One in ten BBC staff given pay rise of more than 10 per cent last year


Nearly 1,800 members of BBC staff received a pay rise of more than 10 per cent last year, figures have revealed.

The large pay rises – amounting to £8,000 per person on average – were handed out to 1,763 members of staff. The group make up 9.1 per cent of the total number of people employed by the corporation.

The BBC said the figures reflected staff being given promotions or taking on extra responsibilities.

But critics, reported in The Telegraph, say the figures showed the “gravy train continues to roll”, with the increases coming at an overall cost of £13.9million.

Conservative MP Andrew Bridgen said: “It underlines why so many people despair of the BBC. The gravy train continues to roll.

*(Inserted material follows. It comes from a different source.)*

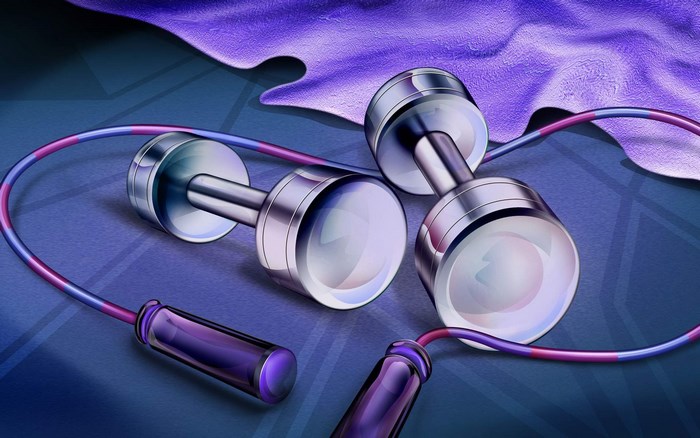 Dumbbells and jump rope on a blue surface with a purple towel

The BBC talks about austerity but they have clearly never experienced it.”

The salary increases were released following a freedom of information request by the Sun newspaper.

A BBC spokesman said: “BBC staff received a one per cent pay rise last year but in any large organisation – especially when making significant back office savings like the BBC – there will be people who are promoted or take on significant extra responsibilities which will be reflected in their salary.”

It comes after a row over the disparity between pay for women and men at the corporation.

This week it was revealed that Andrew Neil is to step down as host of the BBC’s Sunday Politics, and will be replaced by BBC Scotland editor Sarah Smith.

Neil is the first high profile presenter to take a salary cut in the wake of the controversy over gender pay.